Plan obrony gospodarki przed skutkami epidemii koronawirusa ogłosił dziś premier Węgier Viktor Orban, zapowiadając, że w zmienionym budżecie na 2020 r. deficyt wzrośnie z 1 do 2,7 proc. Jego przemówienie transmitowano w telewizji.
„Musimy walczyć jednocześnie z epidemią i jej skutkami gospodarczymi, ratować ludzkie życie i troszczyć się o przyszłość. Musimy podjąć kroki gospodarcze, które pomogą nam przebrnąć przez trudny okres. Dlatego opracowaliśmy plan obrony gospodarki. Celem jest utworzenie tylu miejsc pracy, ile zniszczył wirus”
– oznajmił Orban.
Premier powiedział, że program zostanie przeprowadzony w trzech etapach, a jego wartość wyniesie w sumie 18-20 proc. PKB.
Pierwszy etap, obejmujący m.in. odroczenie najbardziej poszkodowanym firmom spłaty podatku od małych przedsiębiorstw, ogłoszono 23 marca. Drugi etap programu ma zostać uruchomiony jeszcze w poniedziałek i będzie się składał z pięciu elementów - oznajmił Orban.

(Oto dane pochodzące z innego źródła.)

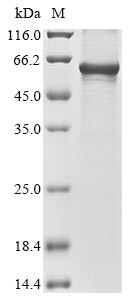 Wilms tumor protein homolog (Wt1), mouse, recombinant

W celu utrzymania miejsc pracy rząd jest gotów „przejąć od pracodawców część kosztów wynagrodzenia” w razie skróconego czasu pracy.
Tworzenie miejsc pracy zostanie wsparte inwestycjami o wartości około 450 mld ft (1,2 mld euro), zaś dla węgierskich przedsiębiorstw przewidziano subsydiowane kredyty wartości 2 bln ft (5,5 mld euro).
Od przyszłego roku stopniowo przywrócona zostanie też 13. emerytura.
Częścią programu będzie też wsparcie odrodzenia branż, które najbardziej ucierpiały w wyniku pandemii, w tym turystyki, przemysłu spożywczego, rolnictwa, przemysłu budowlanego, logistyki, transportu i przemysłu filmowego.
Za koordynację programu będzie odpowiadać minister ds. innowacji i technologii Laszlo Palkovics.